Психанув, бью кулаком по двери. Слышу:
— Никого постороннего не пускать к Титову! — голос Ирины из-за дверей. Видимо, дает наказ медсестрам. Зашибись!
Припадаю к стене, задрав голову вверх. И не подумаю уходить!
Слышу шаги на лестнице и голос отца:
— Юль, а ты чего здесь?
— Там мама Богдана заправляет балом. Выгнала меня и даже не подпустила к нему, — шмыгаю носом. Но не реву. Я сильная. И с этим справлюсь!
— Вот это новость. Сейчас решим, — берется за ручку.
— Пап, она пригрозила охраной! — торможу его.
— Сейчас разберемся, — кивает мне и дергает дверь на себя.
Я, зябко передернув плечами, торопливо ныряю в коридор за ним следом.
Папа слишком интеллигентный, чтобы закатывать медицинскому персоналу истерики и яростно качать права на пустом месте. Вообще, сколько себя помню, по пальцам можно пересчитать моменты, когда он реально повышал голос. На меня, на маму, или на подчиненных — неважно. Громкие слова — не его стиль.
Степан Аркадьевич Данилов прекрасно умеет давить: взглядом, тоном и харизмой. Как бы странно это не звучало. Иногда одна его взлетевшая бровь действует покруче любого самого прочного кляпа. Уж я-то знаю!
Без оров на все отделение, благих матов и лишних эмоций, па добивается встречи с заведующим и матерью Богдана. Вызывает их на разговор и кроет такими аргументами в пользу своей правоты, что у меня бессовестно прорывается улыбка. Матери Дана просто нечем ему ответить! Чем дальше, тем больше ее это злит и раздражает. Женщина упрямо пытается вывести моего отца на эмоции. Без толку. На каждый ее грубый выпад папа отвечает сдержанно и сухо.

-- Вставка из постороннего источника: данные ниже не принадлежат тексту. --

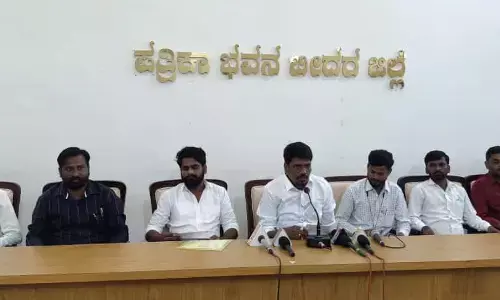 ಬೀದರ್ | ಸರಕಾರದ ಆದೇಶ ಪಾಲಿಸದೆ ಅತಿಥಿ ಶಿಕ್ಷಕರನ್ನು ಕಡೆಗಣಿಸಲಾಗುತ್ತಿದೆ : ಸಂಗಮೇಶ್ ಚಿದ್ರೆ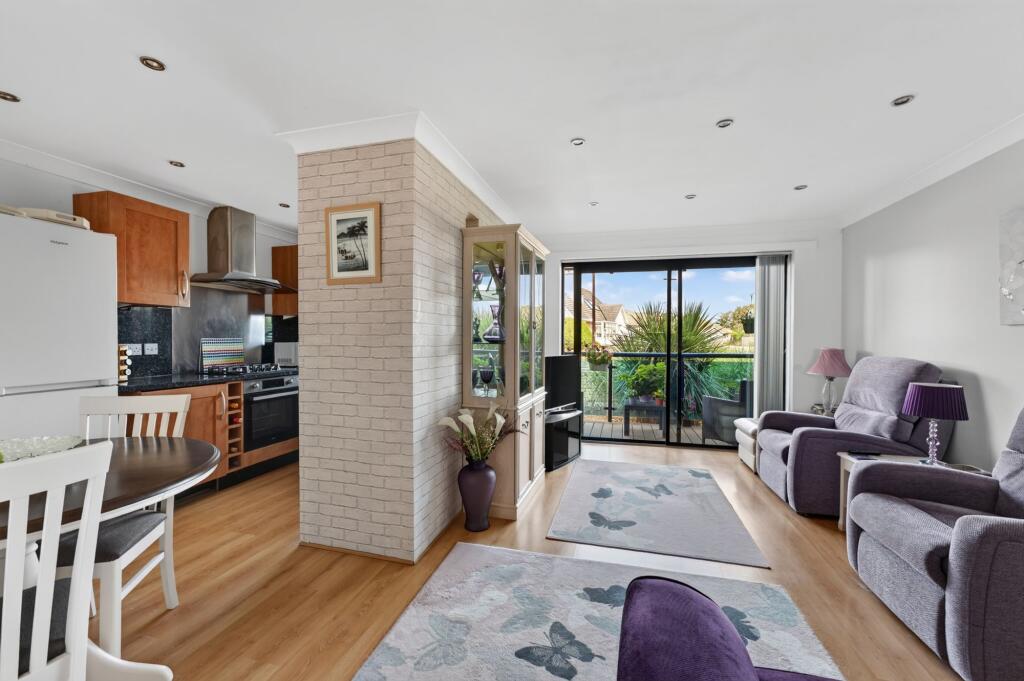 Apartment in Bournemouth - View 3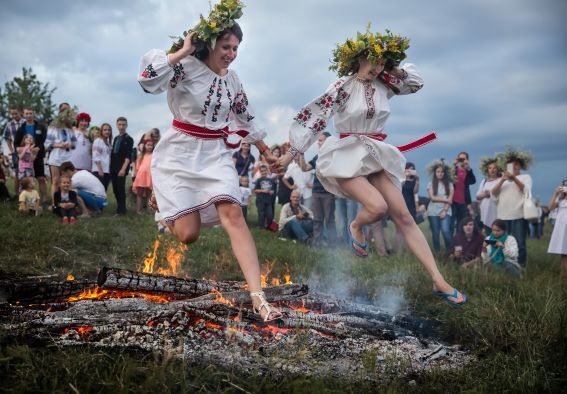 V Bulharsku se na Prvního máje skáče přes oheň. (foto: Shutterstock) shutterstock 450010396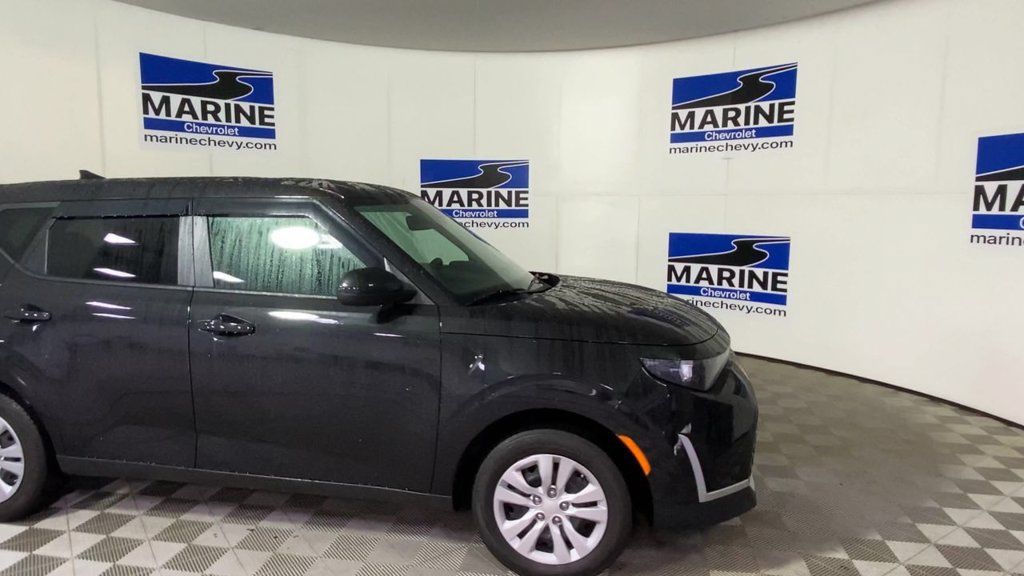 Used 2024 Kia Soul LX FWD image 3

Я стою в стороне, на приличном расстоянии от троицы и стараюсь слиться с белыми стенами. Только бы лишний раз не отсвечивать перед взбешенной матерью Титова. Саму же аж подбрасывает от нетерпения. Дверь в палату Дана в пяти шагах от меня.
Воровато оглядываюсь. Заламывая руки, Ирина Григорьевна стоит ко мне в пол-оборота. И если изначально она, как коршун за мышкой, следила за мной, то сейчас все ее внимание переключилось на мужчин. Сурков, под напором папиной правоты, тоже начинает сдаваться.
Юридически Ирина Григорьевна не имеет никакого права решать за сына. Это понимаю даже девятнадцатилетняя я. И все же, может, стоит подождать официального разрешения? Буду хорошей девочкой. Плюс-минус пару минут роли не сыграют. Верно?
Сцепив ладони в кулаки прохожусь вдоль стены. Туда. Обратно.
Нет! Сыграют! Судя по накалу эмоций, мама Дана может спорить до бесконечности. Чем дальше, тем громче голос женщины разносится по коридорам. Я же, если немедленно не увижу Титова, чокнусь!
В очередной раз, когда Ирина Григорьевна Титова выкрикивает что-то вроде:
— Он мой сын, и решения принимать буду я!